In order to complete the project within deadlines, we plan to start reading and summarizing the papers in the first week, being followed by establishing the USE aspect plus the impact of the technology on the animals. In the fifth week already, we plan to start working on the prototype which will be a simulation in Java that will show a location(has to be determined) and few types of animals(chosen according to the sick behavior study). Then, by allowing the user to select an animal, that animal becomes sick, the simulation detects that and finally reports it to the user. During last weeks we also have to specify why is it robotics and what advantages or disadvantages are present.

Planning

Planning v1.png

Milestones

Milestones are shown in the planning picture. In the first week, we already plan to have summarized the papers and use them to identify patterns in sick animals behavior and what technologies can be used to detect these changes. In the 3rd week, the milestone is to deliver a full analysis of the USE aspects. During the following two weeks, we expect the simulation to work. The last milestone is to prepare all deliverables for handing in.

Deliverables

As deliverables we decided to prepare the following:

A presentation, which will be held in the last week. During this presentation, all of our work will be presented and a simulation will run.

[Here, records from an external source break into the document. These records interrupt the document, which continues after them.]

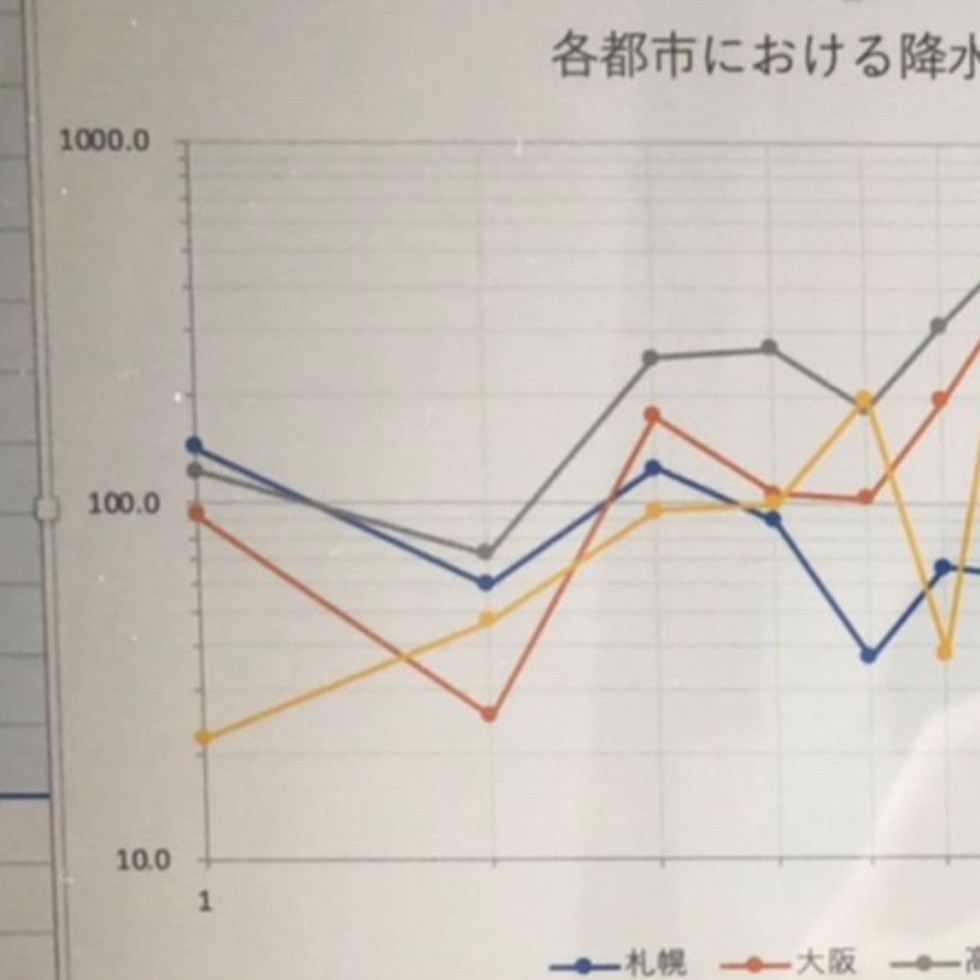 セルａ１ ａ１００に数値が入っており セルｂ１ ｂ１００に１ １００ Yahoo 知恵袋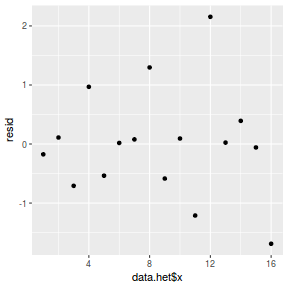 plot of chunk tut8.2bR2JAGSresid1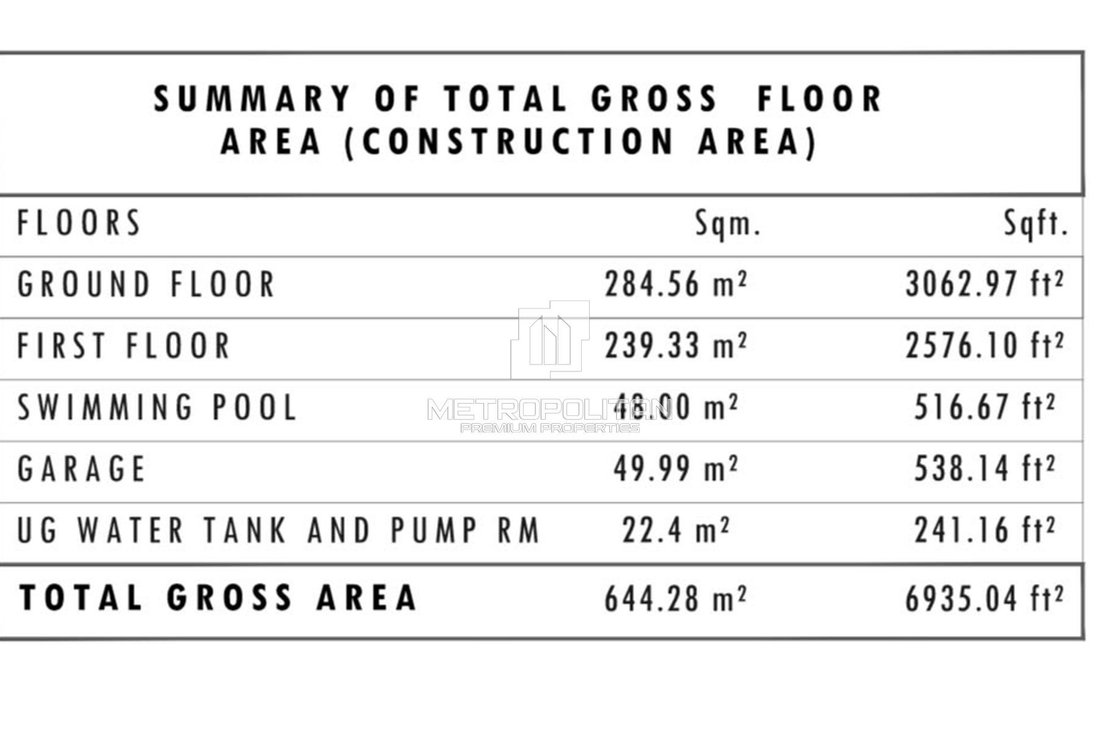 Villa in Al Furjan, Dubai, United Arab Emirates 4 - 18960711
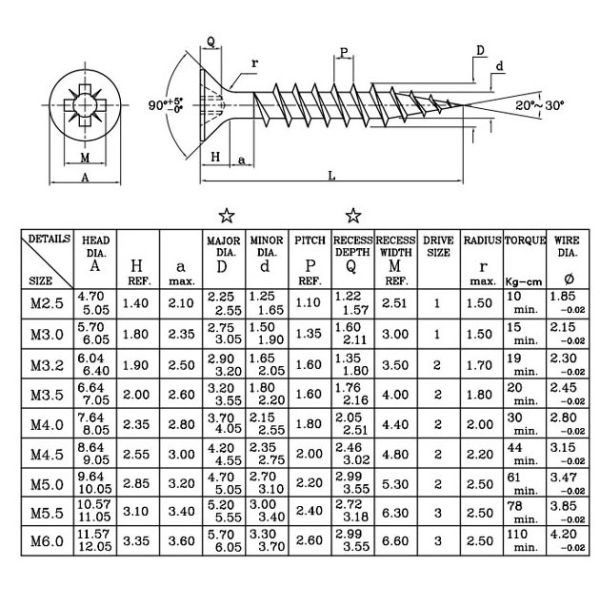304 Stainless Steel Drywall Screws Phillips Recess Flat Head Fine Thread Drywall Screws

A simulation of the subject treated. For example, a barn that has a lot of animals(about 200-300) of different species(cows, pigs, chickens). The user will be allowed to place the identification technologies around the barn and "make" some of the animals sick. The simulation shall be able to discover which animal is sick by analyzing its behavior. The user is notified which animal might be sick.

Research paper of the technology described above, which will take into account the advantages, disadvantages, costs, and impact of such an implementation.